§ **Work required**:
Each entry is to be given again word for word; images are dropped.

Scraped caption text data
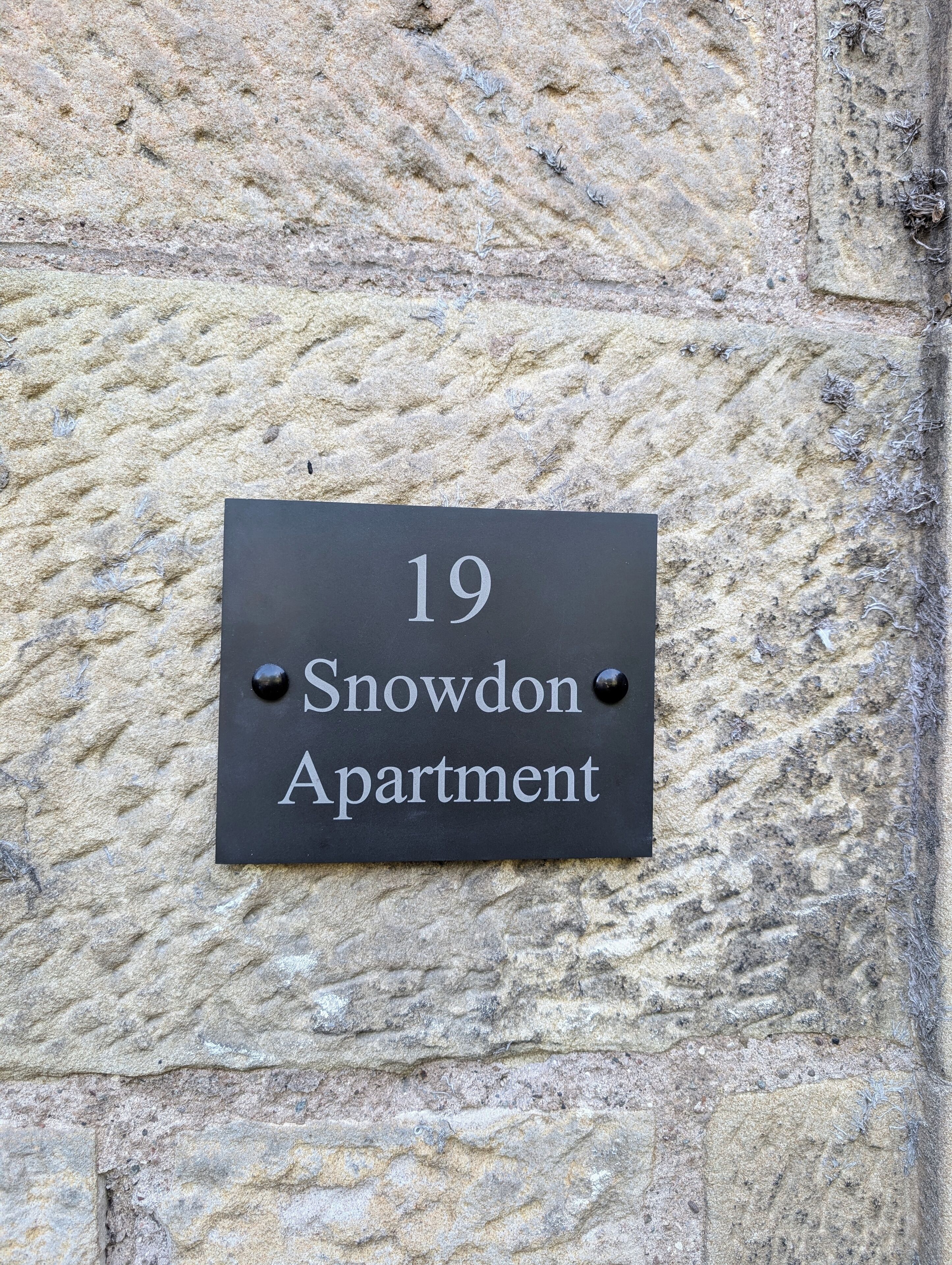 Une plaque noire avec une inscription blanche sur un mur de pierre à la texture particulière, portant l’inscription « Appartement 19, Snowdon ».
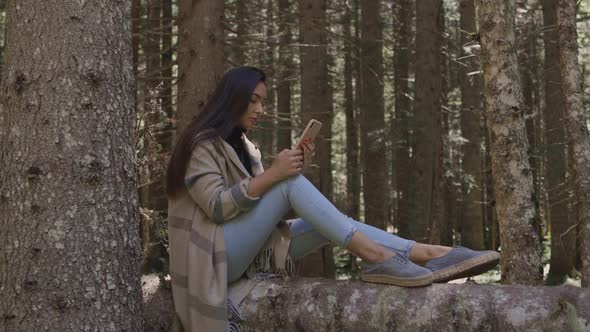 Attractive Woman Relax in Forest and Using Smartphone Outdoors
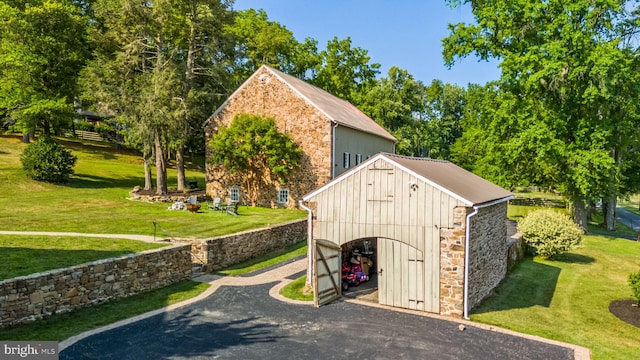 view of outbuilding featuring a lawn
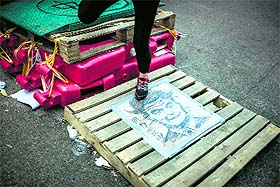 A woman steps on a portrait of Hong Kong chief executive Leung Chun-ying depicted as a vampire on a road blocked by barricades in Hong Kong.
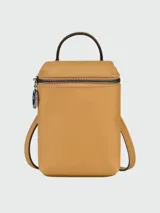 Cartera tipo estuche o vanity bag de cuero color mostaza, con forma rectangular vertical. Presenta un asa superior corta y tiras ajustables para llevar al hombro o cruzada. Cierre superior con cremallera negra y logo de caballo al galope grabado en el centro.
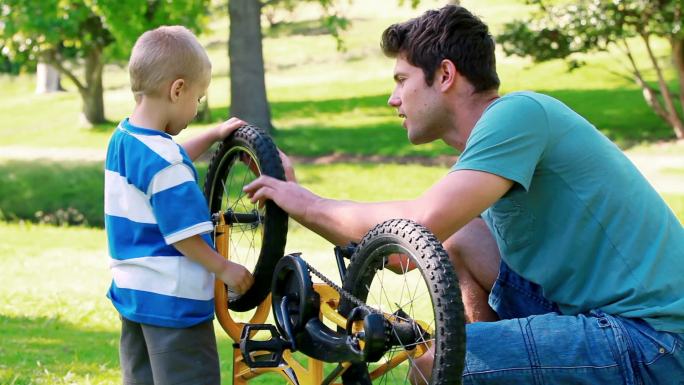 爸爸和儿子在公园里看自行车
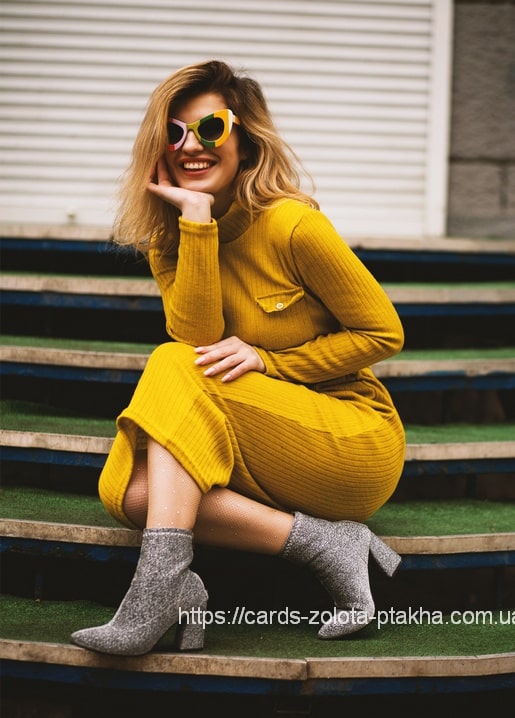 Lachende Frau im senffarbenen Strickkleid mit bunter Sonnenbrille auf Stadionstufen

§ **Response to this task**:
 Une plaque noire avec une inscription blanche sur un mur de pierre à la texture particulière, portant l’inscription « Appartement 19, Snowdon ».
 Attractive Woman Relax in Forest and Using Smartphone Outdoors
 view of outbuilding featuring a lawn
 A woman steps on a portrait of Hong Kong chief executive Leung Chun-ying depicted as a vampire on a road blocked by barricades in Hong Kong.
 Cartera tipo estuche o vanity bag de cuero color mostaza, con forma rectangular vertical. Presenta un asa superior corta y tiras ajustables para llevar al hombro o cruzada. Cierre superior con cremallera negra y logo de caballo al galope grabado en el centro.
 爸爸和儿子在公园里看自行车
 Lachende Frau im senffarbenen Strickkleid mit bunter Sonnenbrille auf Stadionstufen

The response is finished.